Conducting Oil-Related Business in Iraq Involves Substantial Risk
Iraq’s Government Fails to Pay on Its Oil and Fuel Contracts
Investing in the oil market is a guaranteed money maker right? At the height of oil prices, the top five oil producers – ExxonMobil, Shell, ConocoPhillips, Chevron, and BP – earned nearly $120 billion in 2013. Well, not if you’re investing in Iraq.
Oil is a commodity reliant on futures trading, meaning that the buyer and seller agree on a price per barrel or ton based on their perceived value of oil twelve months later. The seller then provides a set number of barrels or tons to the buyer over a twelve month period, with the buyer paying the seller every month for twelves months based on their agreed upon price. So what’s the rub?
Both the seller and buyer invest large amounts of money in fulfilling that contract based on the agreed upon price. They also make future investments and base their annual budget on the price set in their oil contracts.
In this case, the government of Iraq is the buyer and depends on its domestic oil production for close to 90% of its revenue. This means that not only does it depend on its production, it depends on its transportation and refining as well. If the price of oil drops after it has signed contracts with oil producers, refiners, and transporters, then its budget will be adversely affected.
This was the case in 2014 when oil prices dropped over 50 percent. This means that in 2015 Iraq will owe the private companies producing its oil $18 billion and can only sell that oil for $9 billion to foreign markets.
On top of that, ISIS took over Iraq’s largest oil refinery in Baiji along with a significant chunk of Iraq’s territory in 2014. This means that not only is Iraq losing large amounts of revenue by not being able to sell the fuel refined at Baiji, it has to transport massive amounts of extra fuel hundreds of miles across country from its only port in Basra to its military forces fighting ISIS.
So how has the Iraqi government made up for the $9 billion shortfall in its budget, its loss of revenue, and the added transportation costs? As of this month, it has chosen to not pay the full contract prices for its contracts with oil producers, fuel providers, and transporters.
Instead of providing oil producers with oil equal to the price it owes them, the Iraqi government is providing them with only portions of that volume, while selling the rest to companies who pay it cash under short-term contracts. However, ExxonMobil, BP, and the other major oil producers can sustain delays in their billion dollar payments because of their massive cash reserves.

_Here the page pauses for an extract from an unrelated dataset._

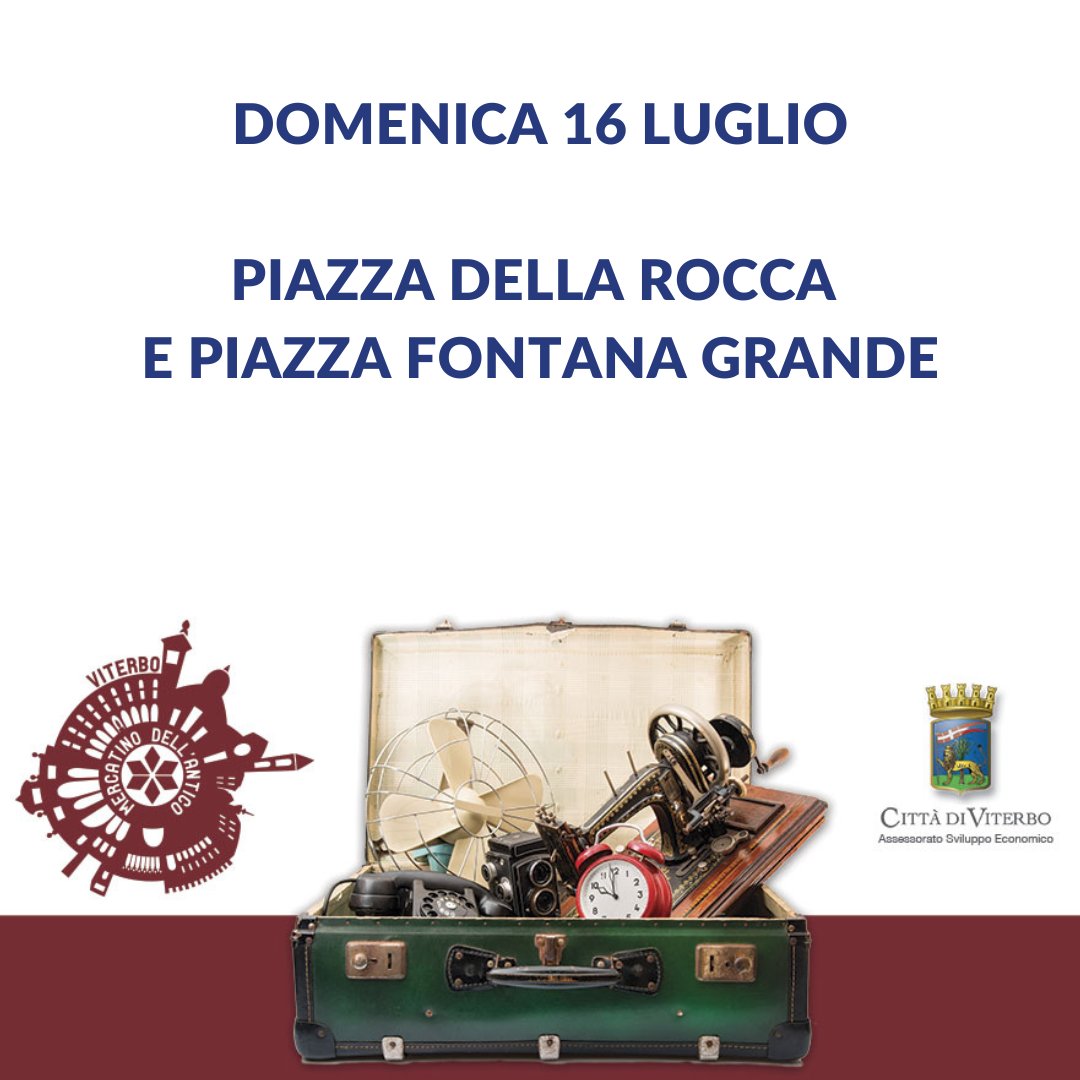 📌Mercatino dell’antico, domenica 18 giugno a piazza della Rocca e a piazza Fontana Grande dalle 8 al tramonto.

With regards to oil and fuel transporters, many companies have gone seven months now without receiving payments from the Central Bank. In order to keep the companies shipping oil and fuel, the Ministry of Oil and Ministry of Finance have diverted their own funding to partially pay these companies. However, with transportation contracts averaging only $15 million, these companies are sustaining substantial losses due to their lack of cash reserves and heavy input costs due to the long distances they must travel and the security they must provide by traveling through ISIS controlled-territory.
As of March, the Iraqi government agreed to an $833 million loan from the International Monetary Fund, but funds won’t be available to contracting companies for some time due to administrative requirements to attain the funds and inefficiencies and corruption within the Iraqi government. So, given all of these circumstances, investing in the oil market in Iraq may not be the best option unless you have enough money to sustain delays in payments.